**Requirement:**
Give back all the records exactly, keeping every line whole.

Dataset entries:
------------------------------------

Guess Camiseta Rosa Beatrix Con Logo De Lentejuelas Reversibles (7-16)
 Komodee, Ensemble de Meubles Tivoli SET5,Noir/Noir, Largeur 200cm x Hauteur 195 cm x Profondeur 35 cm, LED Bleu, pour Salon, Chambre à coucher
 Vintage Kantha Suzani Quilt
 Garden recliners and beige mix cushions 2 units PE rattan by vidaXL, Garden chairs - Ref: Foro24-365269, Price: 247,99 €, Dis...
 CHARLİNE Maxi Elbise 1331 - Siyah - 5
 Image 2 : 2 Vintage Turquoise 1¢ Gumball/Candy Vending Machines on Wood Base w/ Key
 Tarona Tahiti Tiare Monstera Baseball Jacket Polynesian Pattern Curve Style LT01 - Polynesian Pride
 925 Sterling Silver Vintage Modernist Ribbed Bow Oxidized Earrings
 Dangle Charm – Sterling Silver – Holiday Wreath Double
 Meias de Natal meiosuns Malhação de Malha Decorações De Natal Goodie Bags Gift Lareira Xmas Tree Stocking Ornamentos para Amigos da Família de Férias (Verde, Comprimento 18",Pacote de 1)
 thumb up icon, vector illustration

------------------------------------

**Response area:**
Guess Camiseta Rosa Beatrix Con Logo De Lentejuelas Reversibles (7-16)
 Komodee, Ensemble de Meubles Tivoli SET5,Noir/Noir, Largeur 200cm x Hauteur 195 cm x Profondeur 35 cm, LED Bleu, pour Salon, Chambre à coucher
 Vintage Kantha Suzani Quilt
 Garden recliners and beige mix cushions 2 units PE rattan by vidaXL, Garden chairs - Ref: Foro24-365269, Price: 247,99 €, Dis...
 CHARLİNE Maxi Elbise 1331 - Siyah - 5
 Image 2 : 2 Vintage Turquoise 1¢ Gumball/Candy Vending Machines on Wood Base w/ Key
 Tarona Tahiti Tiare Monstera Baseball Jacket Polynesian Pattern Curve Style LT01 - Polynesian Pride
 925 Sterling Silver Vintage Modernist Ribbed Bow Oxidized Earrings
 Dangle Charm – Sterling Silver – Holiday Wreath Double
 Meias de Natal meiosuns Malhação de Malha Decorações De Natal Goodie Bags Gift Lareira Xmas Tree Stocking Ornamentos para Amigos da Família de Férias (Verde, Comprimento 18",Pacote de 1)
 thumb up icon, vector illustration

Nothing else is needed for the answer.